EXERCISE => This exercise asks for the entries to be repeated exactly, without their images.

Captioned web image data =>
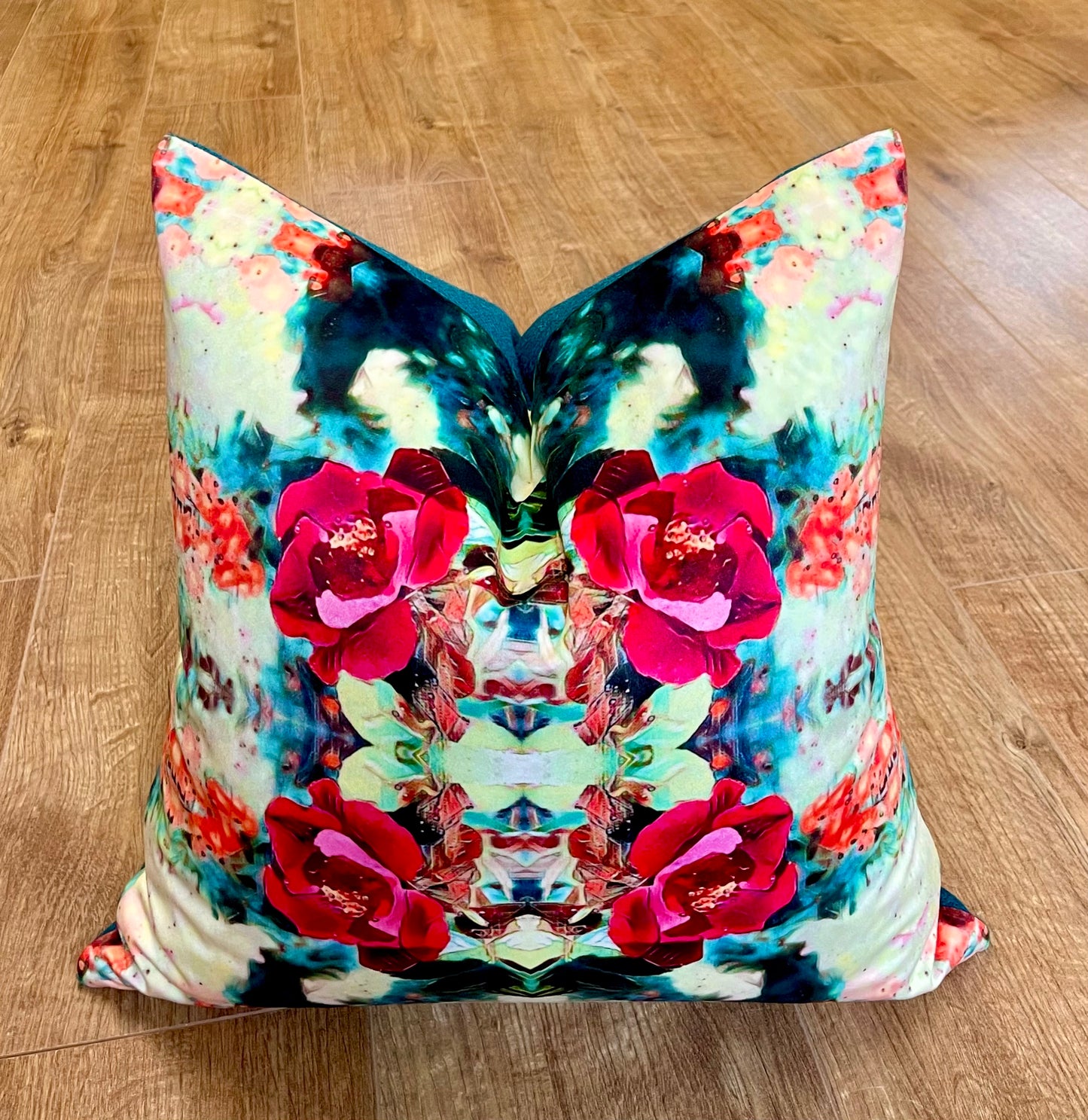 Red Rose Velvet and Harris Tweed Cushion 18”
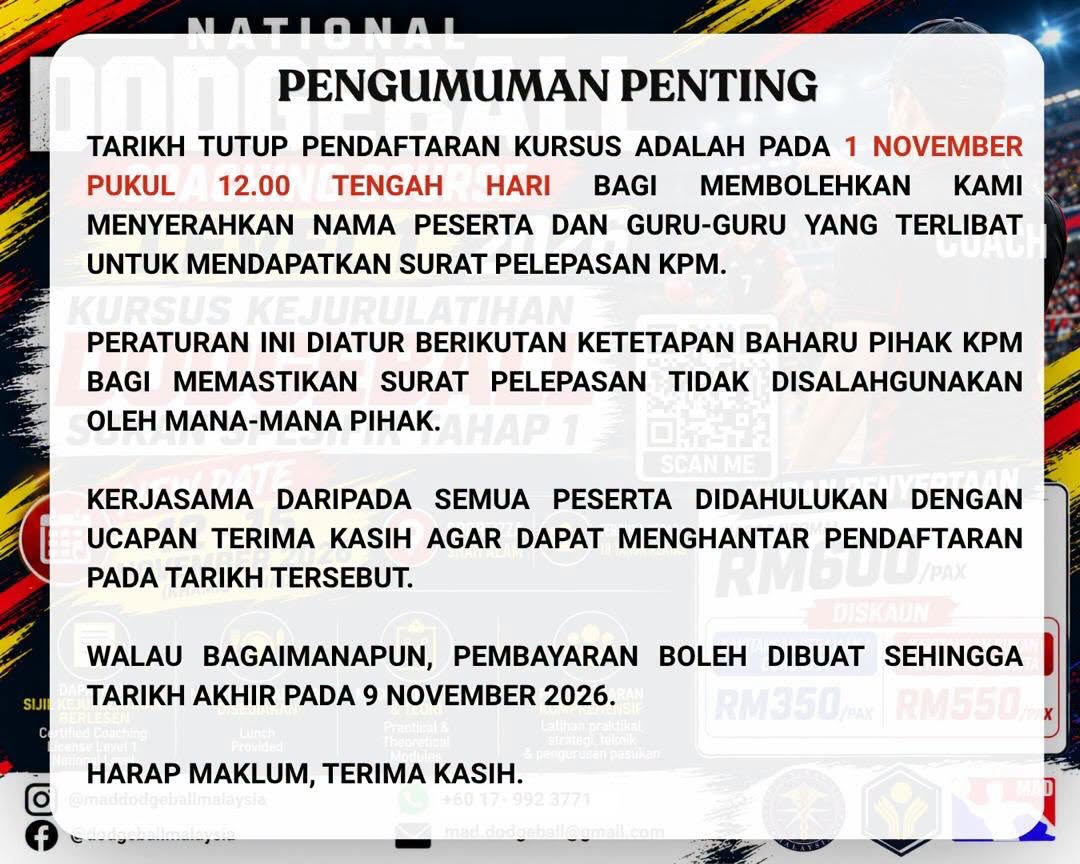 Pengumuman penting: tarikh tutup pendaftaran kursus 1 November 2026, 12.00 tengah hari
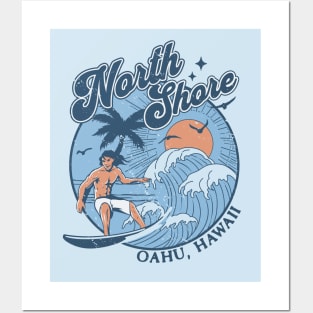 1970s Vintage Surfing North Shore Oahu, Hawaii Retro Sunset // Old School Surfer // Surf Hawaii Posters and Art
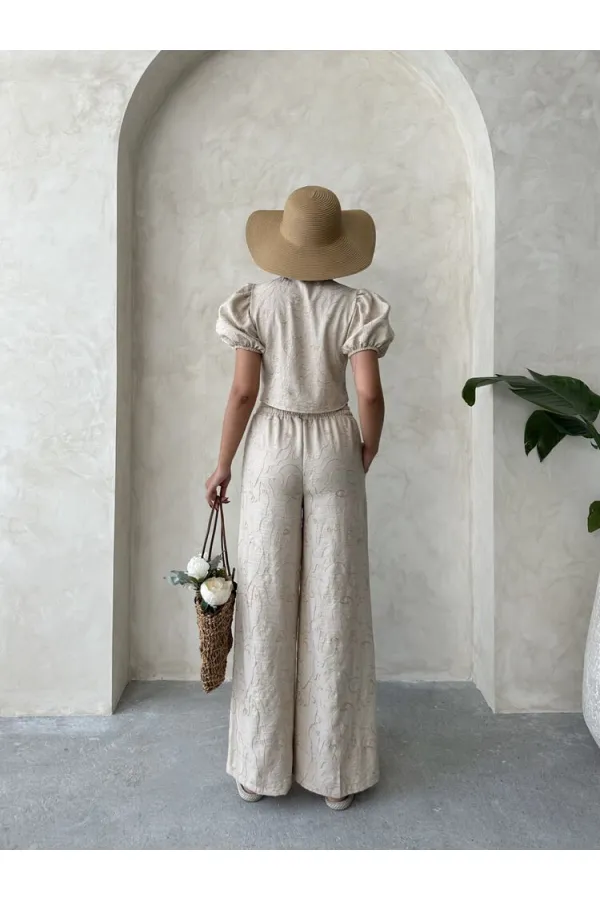 Embroidered Front Tie Wholesale Blouse - Stone | Topshow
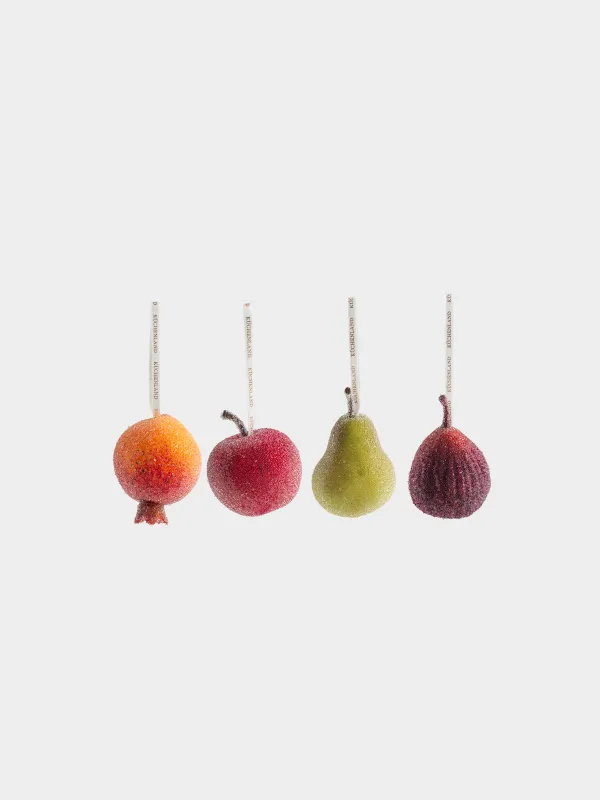 Набор елочных игрушек, 9 см, 4 шт, Фрукты, Fruits, image-0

EXERCISE SOLUTION =>
 Red Rose Velvet and Harris Tweed Cushion 18”
 Pengumuman penting: tarikh tutup pendaftaran kursus 1 November 2026, 12.00 tengah hari
 1970s Vintage Surfing North Shore Oahu, Hawaii Retro Sunset // Old School Surfer // Surf Hawaii Posters and Art
 Embroidered Front Tie Wholesale Blouse - Stone | Topshow
 Набор елочных игрушек, 9 см, 4 шт, Фрукты, Fruits, image-0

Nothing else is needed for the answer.